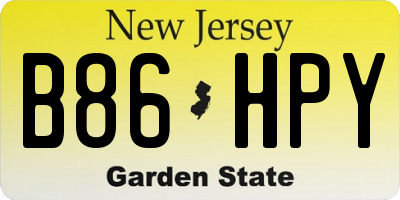 NJ license plate B86HPY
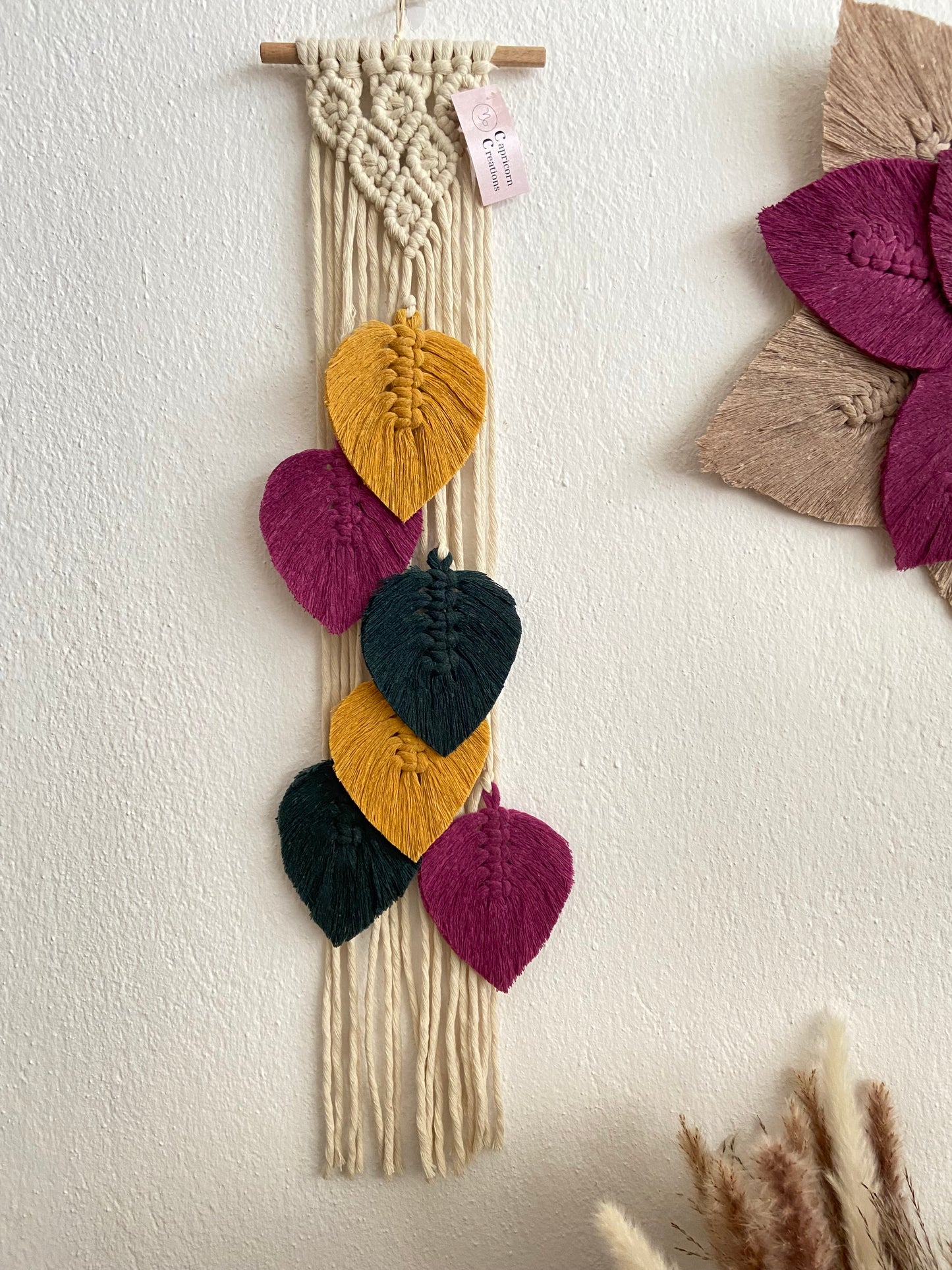 Macrame Leaves Long Tie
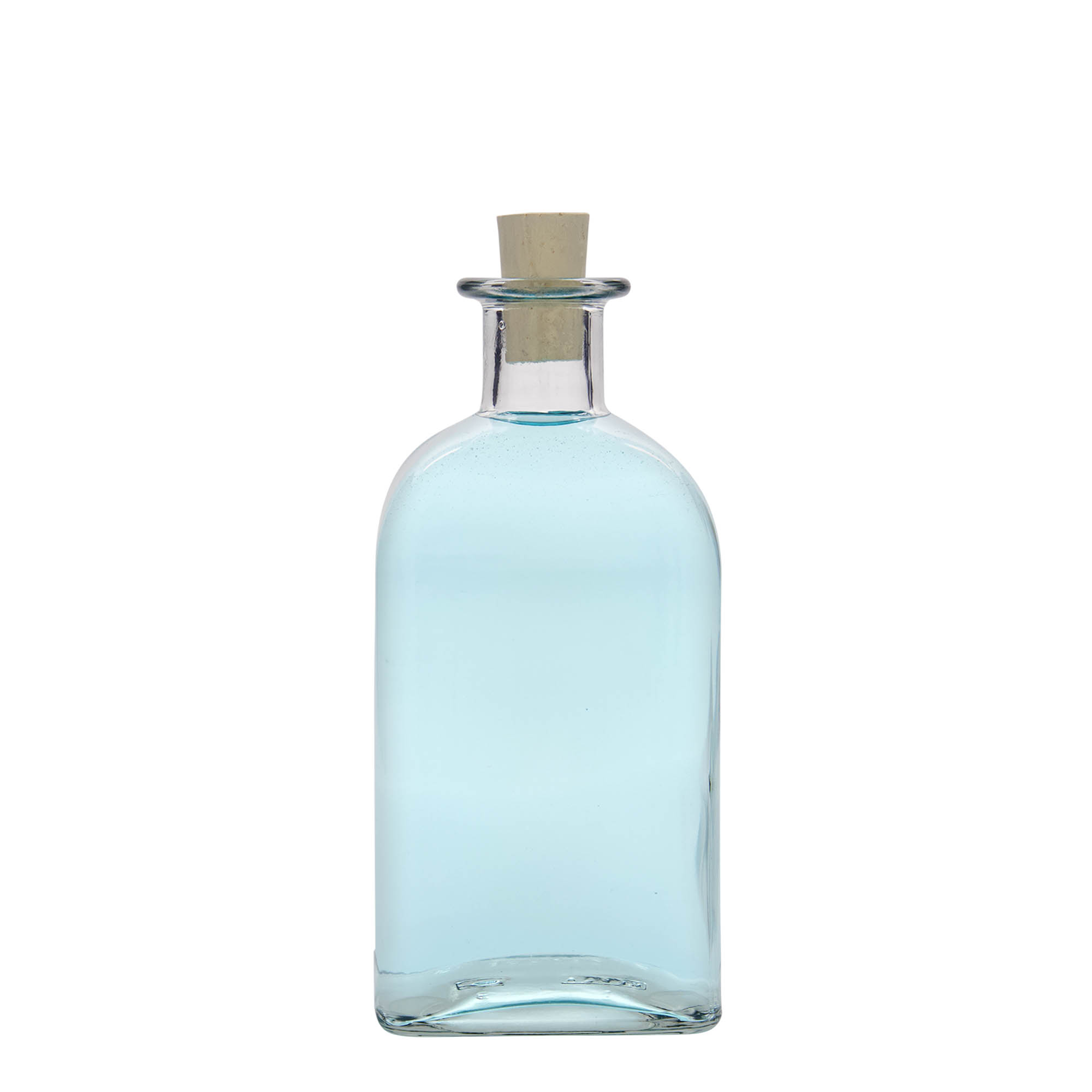 500 ml glass bottle Apotheker Carré, square, opening: cork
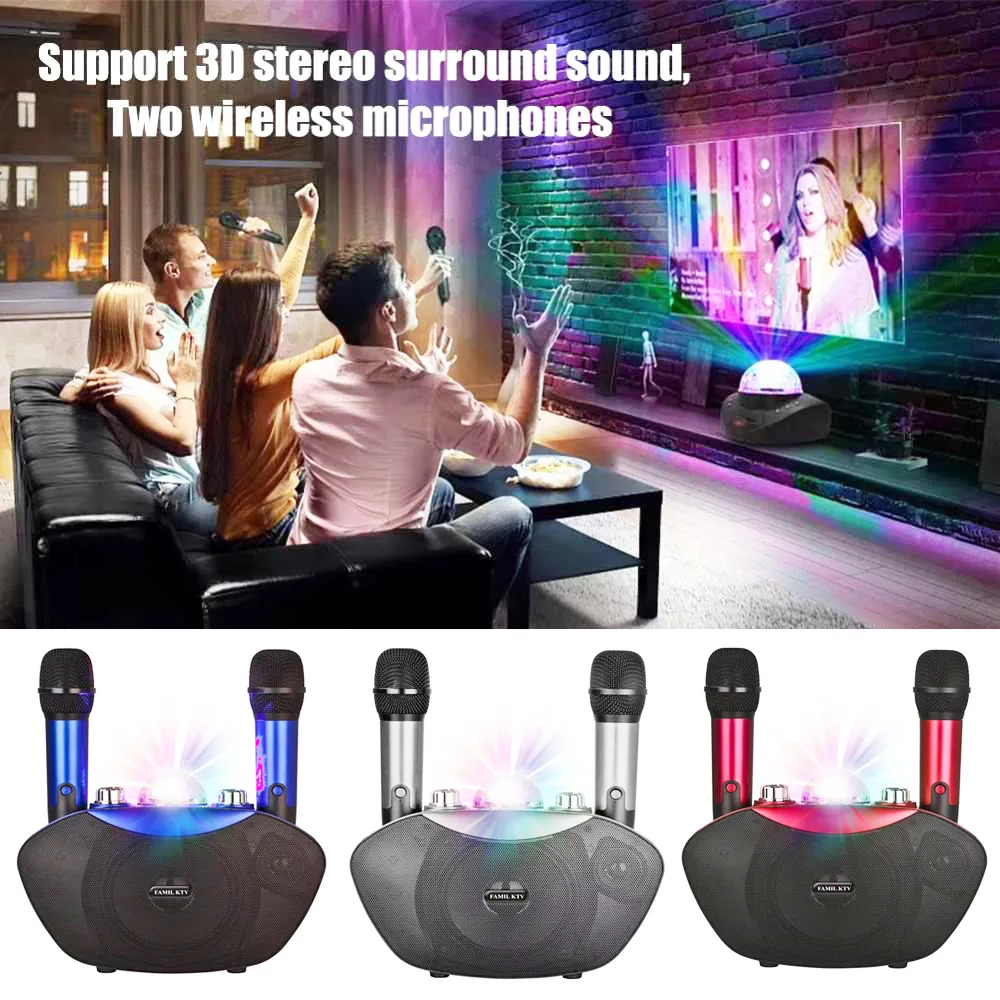 Y-8 głośnik stereo do karaoke z 2 mikrofonami bezprzewodowymi latarka LED Bluetooth Hifi głośnik Outdoor Family KTV Party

# # # #

The whole listing should be printed again exactly as written, images excluded.

◆ Completed exercise ◆
 NJ license plate B86HPY
 Macrame Leaves Long Tie
 500 ml glass bottle Apotheker Carré, square, opening: cork
 Y-8 głośnik stereo do karaoke z 2 mikrofonami bezprzewodowymi latarka LED Bluetooth Hifi głośnik Outdoor Family KTV Party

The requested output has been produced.